Prion diseases
Prion diseases
Prions are proteins that are now thought to cause disease
Prion diseases, all of them fatal, include BSE - mad cow disease - and new variant Creutzfeldt-Jakob disease (nvCJD) - thought to be the human equivalent.
Prions are mutated proteins, but not all scientists accept they are the cause of disease.
However, Professor Stanley Prusiner, the Nobel prize winning scientists who first proposed that proteins could cause disease, says that today “a wealth of experimental and clinical data” proves his ideas were right.
Genetic factors
Scientists thought that fatal insomnia was due to a genetic disorder that was passed down the generations.
Professor Stanley Prusiner discovered prions
But the discovery of the sporadic form of the disease appears to show that it can also develop spontaneously. Prions have been blamed for both forms of the disease.
Researchers from the University of California in San Francisco described the new form in the New England Journal of Medicine.
An accompanying editorial said the existence of the disease was now established: “Sporadic fatal insomnia is unquestionably here to stay as a rare new member of the group of prion diseases.”
Five diseases affect humans
There are five prion diseases known to affect humans - CJD, Gerstmann-Straussler-Scheinker disease, kuru, nvCJD, and fatal insomnia.
Prion diseases damage the brain
They were originally - and are also - known as “transmissible spongiform encephalopathies” - transmissible because they can be transmitted between humans and animals, and spongiform encephalopathies because they often leave the brain riddled with holes like a sponge.
Creutzfeldt and Jakob were the first to discover such a disease. They described the disorder that bears their names between 1920 and 1921.
It first appeared as dementia, and progressed rapidly to destroy brain tissue and cause death.
Cannibalism spreads disease
The next disease appeared between 1928 and 1936, and was described in the work of Gerstmann, Straussler and Scheinker.
Some believe the diseases can pass along the food chain
The disease characteristically leads to a lack of co-ordination and destruction of brain tissue.
Kuru was first described in 1957 by Vincent Zigas of the Australian Public Health Service and D Carleton Gajdusek of the US National Institutes of Health.
It exists only among a single tribe in Papua New Guinea. The afflicted tribe - the Fore Highlanders - describe it as the “laughing death”, because it leads to loss of co-ordination accompanied by dementia.

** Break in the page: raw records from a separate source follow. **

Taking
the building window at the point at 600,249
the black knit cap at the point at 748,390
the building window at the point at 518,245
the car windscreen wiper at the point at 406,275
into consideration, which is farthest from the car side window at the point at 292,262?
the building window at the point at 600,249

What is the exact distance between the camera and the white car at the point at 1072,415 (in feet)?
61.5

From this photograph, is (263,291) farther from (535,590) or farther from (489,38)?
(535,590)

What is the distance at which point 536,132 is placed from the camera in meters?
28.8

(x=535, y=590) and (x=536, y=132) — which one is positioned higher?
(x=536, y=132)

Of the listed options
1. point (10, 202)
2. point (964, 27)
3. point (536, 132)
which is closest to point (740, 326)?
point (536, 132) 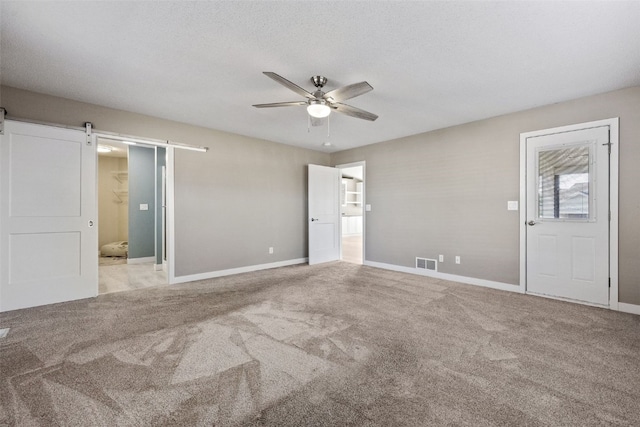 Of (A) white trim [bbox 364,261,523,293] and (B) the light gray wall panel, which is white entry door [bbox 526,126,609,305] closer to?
(A) white trim [bbox 364,261,523,293]

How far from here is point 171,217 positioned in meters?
4.31

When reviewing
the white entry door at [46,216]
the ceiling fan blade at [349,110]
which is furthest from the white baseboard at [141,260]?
the ceiling fan blade at [349,110]

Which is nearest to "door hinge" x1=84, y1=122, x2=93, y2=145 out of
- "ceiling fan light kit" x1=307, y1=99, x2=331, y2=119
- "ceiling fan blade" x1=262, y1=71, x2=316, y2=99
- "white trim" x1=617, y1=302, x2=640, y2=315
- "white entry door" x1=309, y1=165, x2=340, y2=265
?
"ceiling fan blade" x1=262, y1=71, x2=316, y2=99

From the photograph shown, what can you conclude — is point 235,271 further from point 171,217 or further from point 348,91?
point 348,91

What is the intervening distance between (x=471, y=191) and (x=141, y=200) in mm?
6473

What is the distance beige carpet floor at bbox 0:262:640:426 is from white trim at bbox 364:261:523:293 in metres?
0.57

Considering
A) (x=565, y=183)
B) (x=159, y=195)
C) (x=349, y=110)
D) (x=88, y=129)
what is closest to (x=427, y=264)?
(x=565, y=183)

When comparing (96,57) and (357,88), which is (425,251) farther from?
(96,57)

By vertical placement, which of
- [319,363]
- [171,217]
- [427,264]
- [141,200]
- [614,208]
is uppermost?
[141,200]

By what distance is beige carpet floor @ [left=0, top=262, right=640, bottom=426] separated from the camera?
5.16ft

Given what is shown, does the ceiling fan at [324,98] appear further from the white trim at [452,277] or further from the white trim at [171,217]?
the white trim at [452,277]

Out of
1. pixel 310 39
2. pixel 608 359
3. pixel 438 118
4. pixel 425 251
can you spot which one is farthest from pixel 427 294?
pixel 310 39

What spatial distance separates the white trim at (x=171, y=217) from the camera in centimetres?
429

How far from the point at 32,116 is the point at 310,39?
344cm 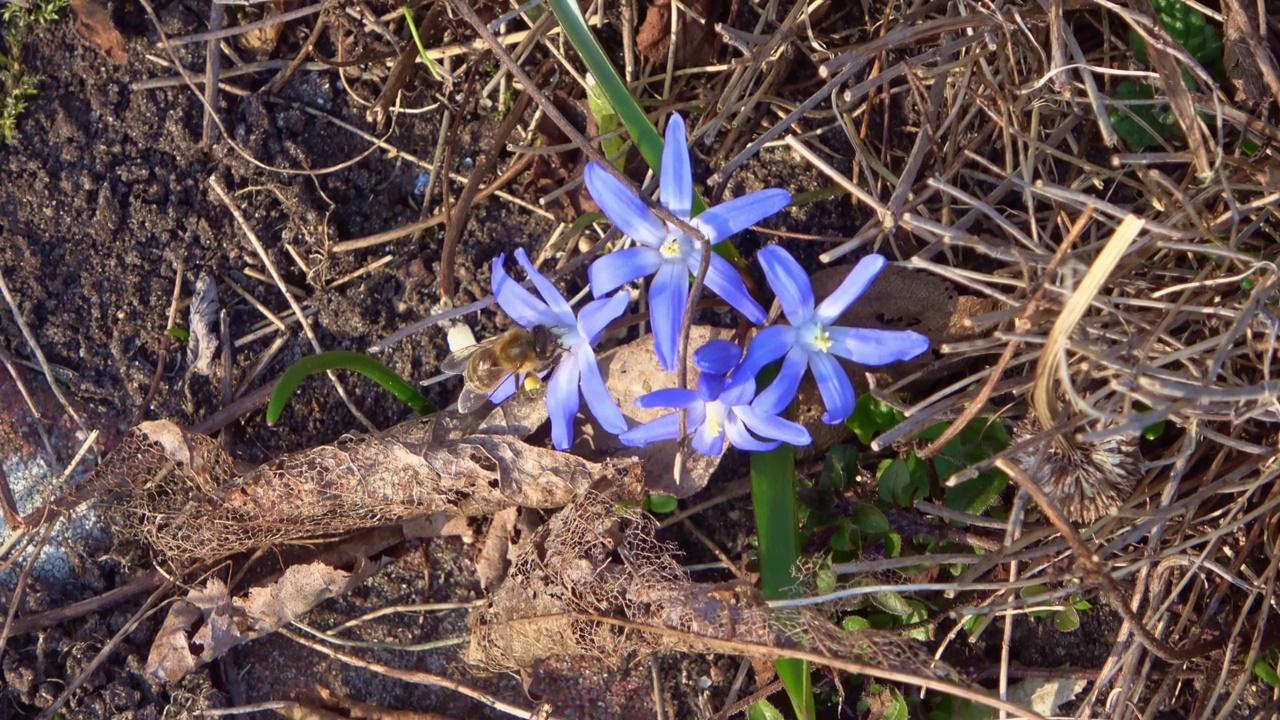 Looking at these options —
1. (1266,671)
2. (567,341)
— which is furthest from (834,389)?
(1266,671)

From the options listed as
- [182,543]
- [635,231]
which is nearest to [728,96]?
[635,231]

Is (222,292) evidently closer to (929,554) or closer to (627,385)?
(627,385)

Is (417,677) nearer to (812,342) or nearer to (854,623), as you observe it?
(854,623)

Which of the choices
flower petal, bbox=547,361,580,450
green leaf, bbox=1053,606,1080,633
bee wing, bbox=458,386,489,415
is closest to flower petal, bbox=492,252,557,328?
flower petal, bbox=547,361,580,450

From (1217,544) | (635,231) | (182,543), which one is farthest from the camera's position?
(182,543)

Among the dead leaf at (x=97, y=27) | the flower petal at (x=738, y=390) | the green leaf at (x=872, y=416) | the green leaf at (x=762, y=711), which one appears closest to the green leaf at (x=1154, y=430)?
the green leaf at (x=872, y=416)

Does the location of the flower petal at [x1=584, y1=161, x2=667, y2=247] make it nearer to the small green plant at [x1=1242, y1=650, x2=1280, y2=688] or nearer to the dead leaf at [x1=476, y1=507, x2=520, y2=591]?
the dead leaf at [x1=476, y1=507, x2=520, y2=591]

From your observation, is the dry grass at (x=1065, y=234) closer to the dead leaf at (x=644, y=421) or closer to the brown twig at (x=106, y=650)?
the dead leaf at (x=644, y=421) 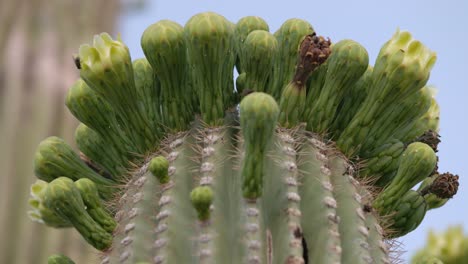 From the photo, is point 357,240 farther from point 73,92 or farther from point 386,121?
point 73,92

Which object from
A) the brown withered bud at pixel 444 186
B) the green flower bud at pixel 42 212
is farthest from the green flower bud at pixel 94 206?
the brown withered bud at pixel 444 186

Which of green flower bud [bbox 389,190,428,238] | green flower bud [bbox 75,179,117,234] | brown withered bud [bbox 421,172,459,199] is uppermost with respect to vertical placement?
green flower bud [bbox 75,179,117,234]

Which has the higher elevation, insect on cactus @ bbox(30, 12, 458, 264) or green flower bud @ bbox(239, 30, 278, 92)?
green flower bud @ bbox(239, 30, 278, 92)

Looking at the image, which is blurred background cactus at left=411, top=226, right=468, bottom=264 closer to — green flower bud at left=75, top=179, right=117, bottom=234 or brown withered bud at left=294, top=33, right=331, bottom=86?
brown withered bud at left=294, top=33, right=331, bottom=86

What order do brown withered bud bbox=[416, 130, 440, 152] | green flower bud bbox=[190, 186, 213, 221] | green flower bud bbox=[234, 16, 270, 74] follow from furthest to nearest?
brown withered bud bbox=[416, 130, 440, 152]
green flower bud bbox=[234, 16, 270, 74]
green flower bud bbox=[190, 186, 213, 221]

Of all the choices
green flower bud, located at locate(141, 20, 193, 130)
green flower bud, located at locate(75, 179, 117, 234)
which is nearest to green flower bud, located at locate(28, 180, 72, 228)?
green flower bud, located at locate(75, 179, 117, 234)

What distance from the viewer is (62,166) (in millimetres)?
2873

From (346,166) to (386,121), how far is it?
221 mm

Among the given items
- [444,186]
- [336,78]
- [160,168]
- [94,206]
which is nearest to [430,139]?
[444,186]

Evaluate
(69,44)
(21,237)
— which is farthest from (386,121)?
(69,44)

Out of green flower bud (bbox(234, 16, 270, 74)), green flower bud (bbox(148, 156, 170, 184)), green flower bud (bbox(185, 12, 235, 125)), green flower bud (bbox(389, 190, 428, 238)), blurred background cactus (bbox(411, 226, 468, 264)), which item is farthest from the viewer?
blurred background cactus (bbox(411, 226, 468, 264))

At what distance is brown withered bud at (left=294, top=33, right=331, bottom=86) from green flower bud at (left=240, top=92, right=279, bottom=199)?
0.33 m

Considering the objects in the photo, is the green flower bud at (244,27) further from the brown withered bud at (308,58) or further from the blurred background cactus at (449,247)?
the blurred background cactus at (449,247)

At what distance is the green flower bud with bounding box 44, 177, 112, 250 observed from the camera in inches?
100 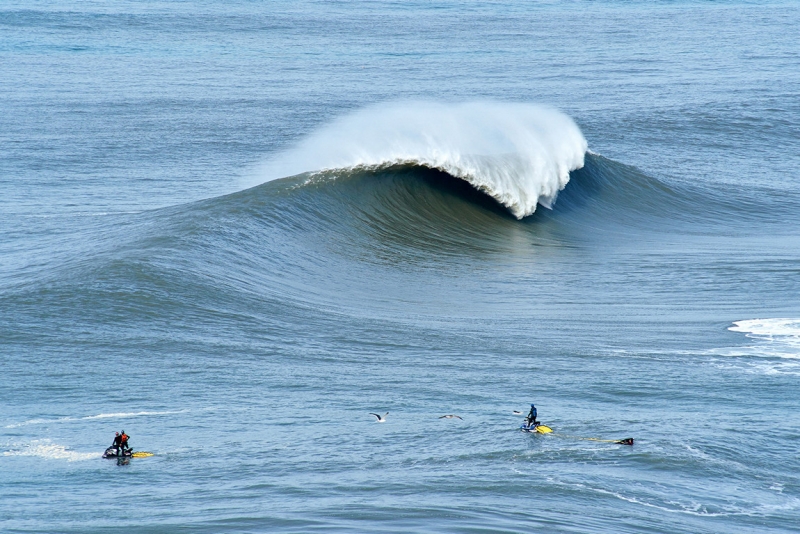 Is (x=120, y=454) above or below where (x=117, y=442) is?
below

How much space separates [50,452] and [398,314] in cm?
848

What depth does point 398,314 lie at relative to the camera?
1958 cm

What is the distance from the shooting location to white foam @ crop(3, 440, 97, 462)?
40.0ft

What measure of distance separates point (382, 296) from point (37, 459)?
9895mm

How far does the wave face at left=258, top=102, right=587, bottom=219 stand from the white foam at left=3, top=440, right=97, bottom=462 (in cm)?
1684

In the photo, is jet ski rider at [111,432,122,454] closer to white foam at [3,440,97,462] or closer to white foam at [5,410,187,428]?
white foam at [3,440,97,462]

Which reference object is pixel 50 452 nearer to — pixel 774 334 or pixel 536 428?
pixel 536 428

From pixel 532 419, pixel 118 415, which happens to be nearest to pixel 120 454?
pixel 118 415

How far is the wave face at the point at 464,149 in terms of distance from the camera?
1160 inches

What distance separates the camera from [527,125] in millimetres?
33750

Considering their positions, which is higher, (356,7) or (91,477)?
(356,7)

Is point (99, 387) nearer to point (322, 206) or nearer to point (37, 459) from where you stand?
point (37, 459)

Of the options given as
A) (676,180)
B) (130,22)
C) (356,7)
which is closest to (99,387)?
(676,180)

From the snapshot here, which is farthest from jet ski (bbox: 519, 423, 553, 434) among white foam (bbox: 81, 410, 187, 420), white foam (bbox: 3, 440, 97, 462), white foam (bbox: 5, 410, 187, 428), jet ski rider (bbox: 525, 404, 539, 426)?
white foam (bbox: 3, 440, 97, 462) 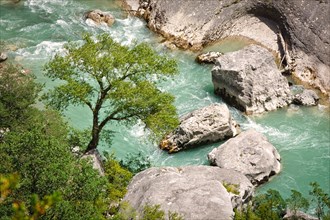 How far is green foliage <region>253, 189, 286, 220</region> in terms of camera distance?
783 inches

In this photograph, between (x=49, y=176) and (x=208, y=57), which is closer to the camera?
(x=49, y=176)

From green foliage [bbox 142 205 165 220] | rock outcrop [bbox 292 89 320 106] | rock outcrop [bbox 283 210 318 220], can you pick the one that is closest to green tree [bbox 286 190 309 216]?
rock outcrop [bbox 283 210 318 220]

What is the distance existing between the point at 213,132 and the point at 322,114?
33.4 ft

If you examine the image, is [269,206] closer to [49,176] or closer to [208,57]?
[49,176]

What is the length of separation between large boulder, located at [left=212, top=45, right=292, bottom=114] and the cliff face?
4.94m

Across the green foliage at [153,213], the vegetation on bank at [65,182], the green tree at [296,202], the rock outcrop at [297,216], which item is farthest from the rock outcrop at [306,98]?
the green foliage at [153,213]

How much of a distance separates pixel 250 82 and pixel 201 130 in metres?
7.01

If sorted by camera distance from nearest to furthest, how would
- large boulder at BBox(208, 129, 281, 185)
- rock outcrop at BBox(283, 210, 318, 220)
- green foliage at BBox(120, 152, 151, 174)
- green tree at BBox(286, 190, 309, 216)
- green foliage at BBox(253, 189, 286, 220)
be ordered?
green foliage at BBox(253, 189, 286, 220)
rock outcrop at BBox(283, 210, 318, 220)
green tree at BBox(286, 190, 309, 216)
green foliage at BBox(120, 152, 151, 174)
large boulder at BBox(208, 129, 281, 185)

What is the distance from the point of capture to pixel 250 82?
3531 cm

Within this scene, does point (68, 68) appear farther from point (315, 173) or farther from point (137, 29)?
point (137, 29)

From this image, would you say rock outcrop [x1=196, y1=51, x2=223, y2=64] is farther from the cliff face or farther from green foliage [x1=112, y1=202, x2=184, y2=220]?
green foliage [x1=112, y1=202, x2=184, y2=220]

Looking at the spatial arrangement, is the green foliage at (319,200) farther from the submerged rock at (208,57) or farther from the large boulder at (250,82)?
the submerged rock at (208,57)

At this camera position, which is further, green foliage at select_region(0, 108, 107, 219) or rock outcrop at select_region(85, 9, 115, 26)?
rock outcrop at select_region(85, 9, 115, 26)

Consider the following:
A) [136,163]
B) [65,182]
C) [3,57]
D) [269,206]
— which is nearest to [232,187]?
[269,206] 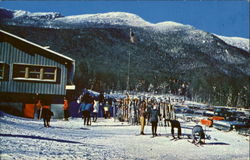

The World Health Organisation, along with most doctors, associates the transmission of the disease with ritualistic cannibalism in Papua New Guinea.
Professor Prusiner says: “The affected individuals probably acquired kuru through ritual cannibalism - the Fore tribe reportedly honoured the dead by eating their brains. The practice has since stopped, and kuru has virtually disappeared.”
Deadly insomnia
Familial fatal insomnia was first described in 1986 by Elio Lugaresi and Rossella Medori of the University of Bologna and Pierluigi Gambetti of Case Western Reserve University in Cleveland.
BSE was found in cattle in 1986
It starts with protracted insomnia, leading to dementia, eventually reaching a state where sufferers cannot tell reality from dreams. They can expect to die between seven and 25 months of developing the condition.
New variant CJD is described as a distinct disease, and, like kuru, is only found in one country - in this case the UK.
It was first described in 1995, nine years after the discovery of BSE, and some scientists believe that, also like kuru, it was transmitted through the food chain - in this case from beef.
A role in other diseases
Scientists looking into the workings of prion diseases believe the proteins may play in a role in other brain disorders.
Professor Prusiner says: “Ongoing research may also help determine whether prions consisting of other proteins play a part in more common neurodegenerative conditions, including Alzheimer’s disease, Parkinson’s disease and amyotrophic lateral sclerosis.”
He points to similarities between these and prion diseases: “The more widespread ills mostly occur sporadically but sometimes run in families.
“All are also usually diseases of middle to later life and are marked by similar pathology - neurons degenerate, protein deposits can accumulate as plaques, and glial cells (which support and nourish nerve cells) grow larger in reaction to damage to neurons.”
Treatment outlook
The outlook for treatments for genuine prion diseases is so far bleak.
Scrapie affects sheep
Spongiform encephalopathies are more common among animals - scrapie affects sheep and there is a mad cat disease - and the treatment approach to animal sufferers has been to cull them.
But now the effect on humans is better publicised, treatment ideas are coming forward.
The key is likely to lie in emerging gene therapies, and scientists hope they will be able to shut down unwanted proteins - prions being a prime candidate for this.